[Task input]
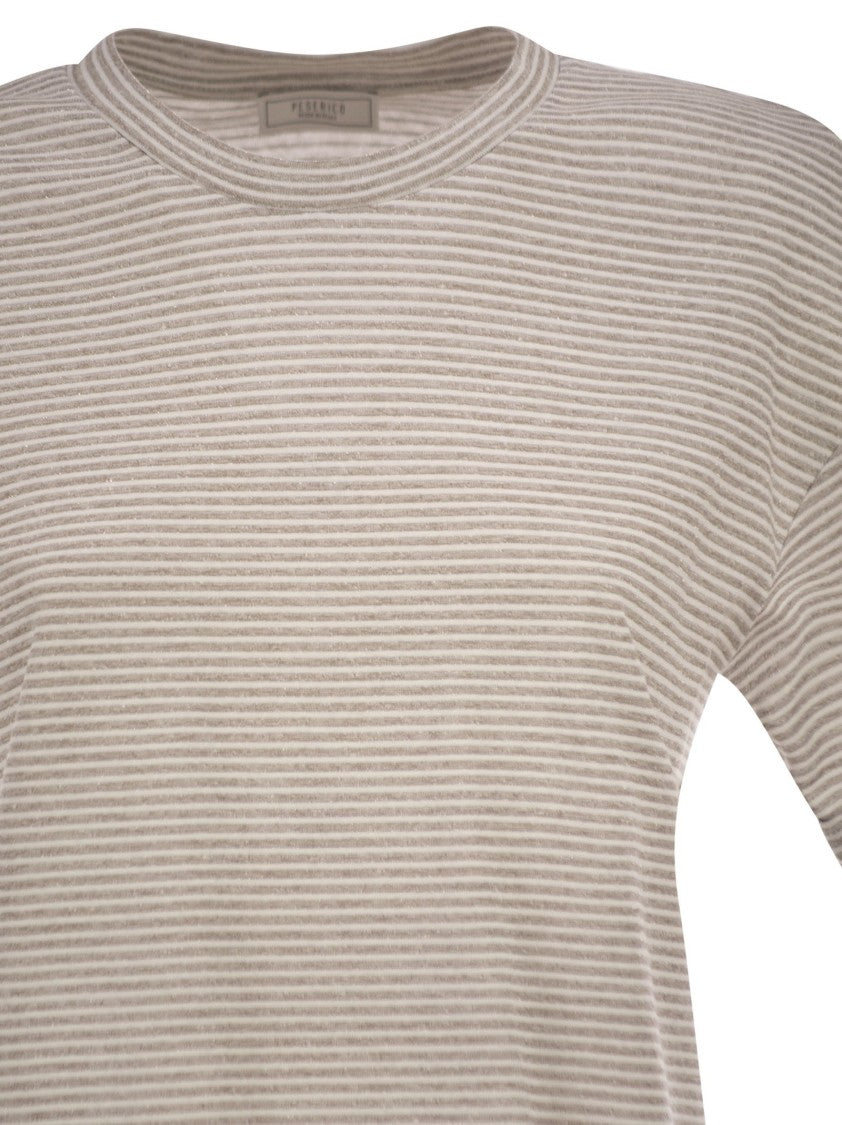 Peserico Striped Linen-Cotton Blend T-Shirt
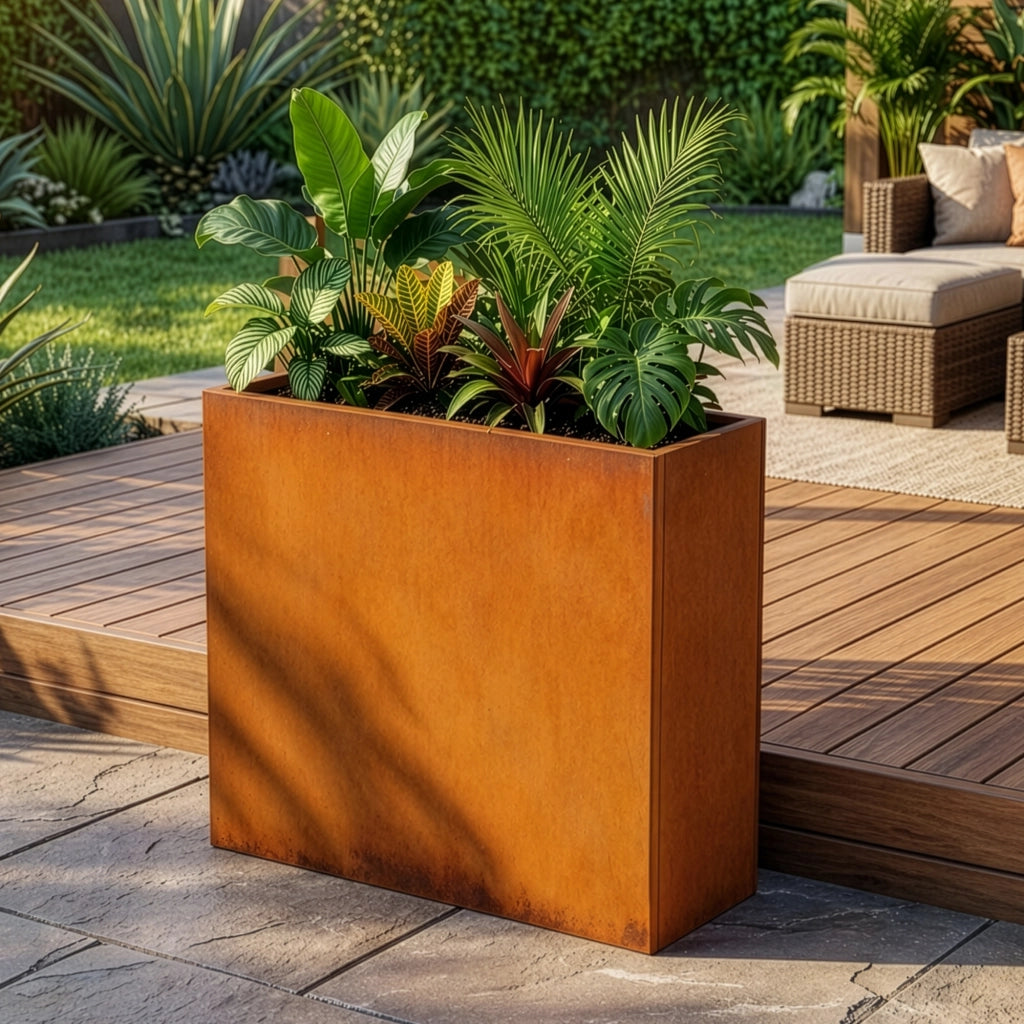 Fioriera Vaargel in Acciaio Corten Portafiori 82x90x30 cm - Marrone Ossidato casa.pro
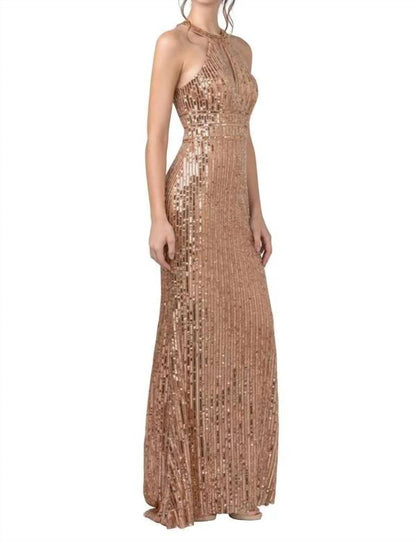 Halter Front Keyhole Sequin Sheath Evening Dress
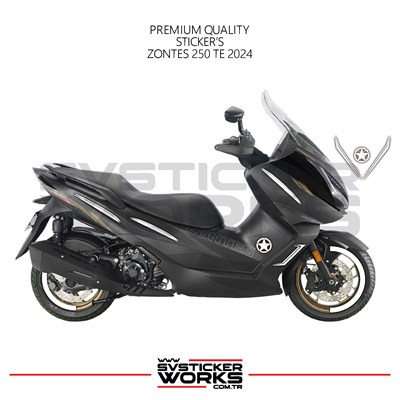 ZONTES 250 TE Sticker Kaplama Set Full Kit Parçalı Etiket Sticker Modeli Beyaz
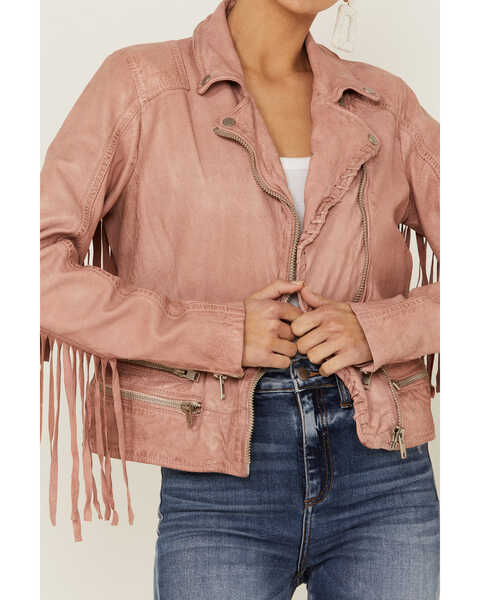 Image #2 - Mauritius Leather Women's Melbourne Pink Fringe Leather Jacket, Pink, hi-res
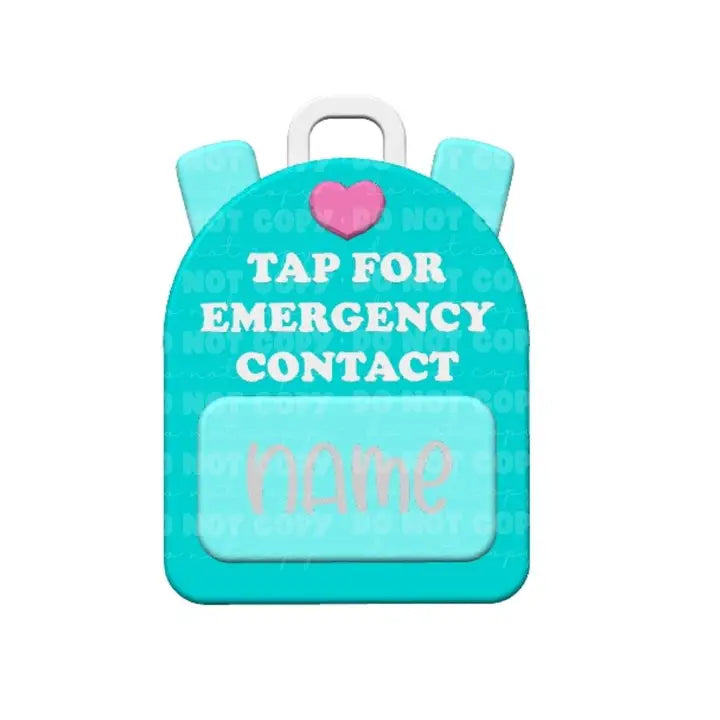 Emergency Tap To Contact Backpack Keychain Tag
[/Task input]
» Problem description: Your copy should match the data above exactly, apart from the pictures.

» Exercise result:
 Peserico Striped Linen-Cotton Blend T-Shirt
 Fioriera Vaargel in Acciaio Corten Portafiori 82x90x30 cm - Marrone Ossidato casa.pro
 Halter Front Keyhole Sequin Sheath Evening Dress
 ZONTES 250 TE Sticker Kaplama Set Full Kit Parçalı Etiket Sticker Modeli Beyaz
 Image #2 - Mauritius Leather Women's Melbourne Pink Fringe Leather Jacket, Pink, hi-res
 Emergency Tap To Contact Backpack Keychain Tag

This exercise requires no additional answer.